Chain 1: Rejecting initial value:
Chain 1: Error evaluating the log probability at the initial value.
Chain 1: Exception: categorical_logit_lpmf: log odds parameter[4] is inf, but must be finite! (in ‘modele8702a9e320e_PVL_Delta_flexible_learning_Model’ at line 52)

Chain 1: 0.179094
[0,0,0,0]
0.179094
[0,309.129,0,0]
0.179094
[1990.62,309.129,0,0]
0.179094
[1990.62,309.129,9262.36,0]
0.179094
[-4.37212e+006,309.129,9262.36,0]
0.179094
[-4.37212e+006,309.129,-5.67346e+009,0]
0.179094
[3.47866e+015,309.129,-5.67346e+009,0]
0.179094
[3.47866e+015,309.129,2.76379e+024,0]
0.179094
[3.47866e+015,-1.01459e+026,2.76379e+024,0]
0.179094
[3.47866e+015,1.43604e+051,2.76379e+024,0]
0.179094
[3.47866e+015,1.43604e+051,2.76379e+024,5.29303e+051]
0.179094
[3.47866e+015,1.43604e+051,-3.08234e+075,5.29303e+051]
0.179094
[-1.50154e+090,1.43604e+051,-3.08234e+075,5.29303e+051]
0.179094
[-1.50154e+090,-3.01958e+140,-3.08234e+075,5.29303e+051]
0.179094
[-1.50154e+090,-3.01958e+140,1.30338e+215,5.29303e+051]
0.179094
[-1.50154e+090,-3.01958e+140,1.30338e+215,-9.66098e+265]
0.179094
[-1.50154e+090,-3.01958e+140,1.30338e+215,inf]
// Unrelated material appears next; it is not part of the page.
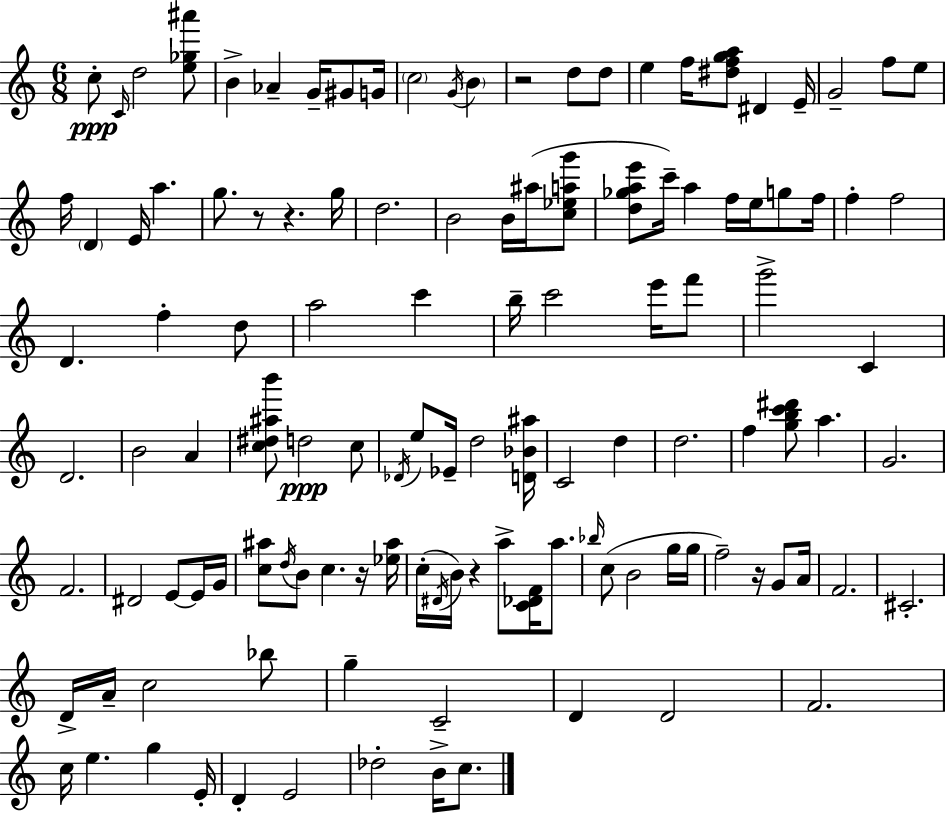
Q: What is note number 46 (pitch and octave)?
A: E6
Chain 1: Rejecting initial value:
Chain 1: Error evaluating the log probability at the initial value.
Chain 1: Exception: categorical_logit_lpmf: log odds parameter[4] is inf, but must be finite! (in ‘modele8702a9e320e_PVL_Delta_flexible_learning_Model’ at line 52)

I guess it is probably because of the lamda and lr equation makes the value too large or too small as they change simulatenlously.

``````v[choice[s,t]]=v[choice[s,t]]+lr*pe;
lamda = U[choice[s,t]]-sum(v);
lr=gamma[s]*fabs(lamda)+(1-gamma[s])*lr
``````

My guess would be that there is a mistake here somewhere. Since lr is defined recursively and gamma, (1-gamma), and fabs(lamda) > 0, once lr > 0, lr will be bigger and bigger every iteration.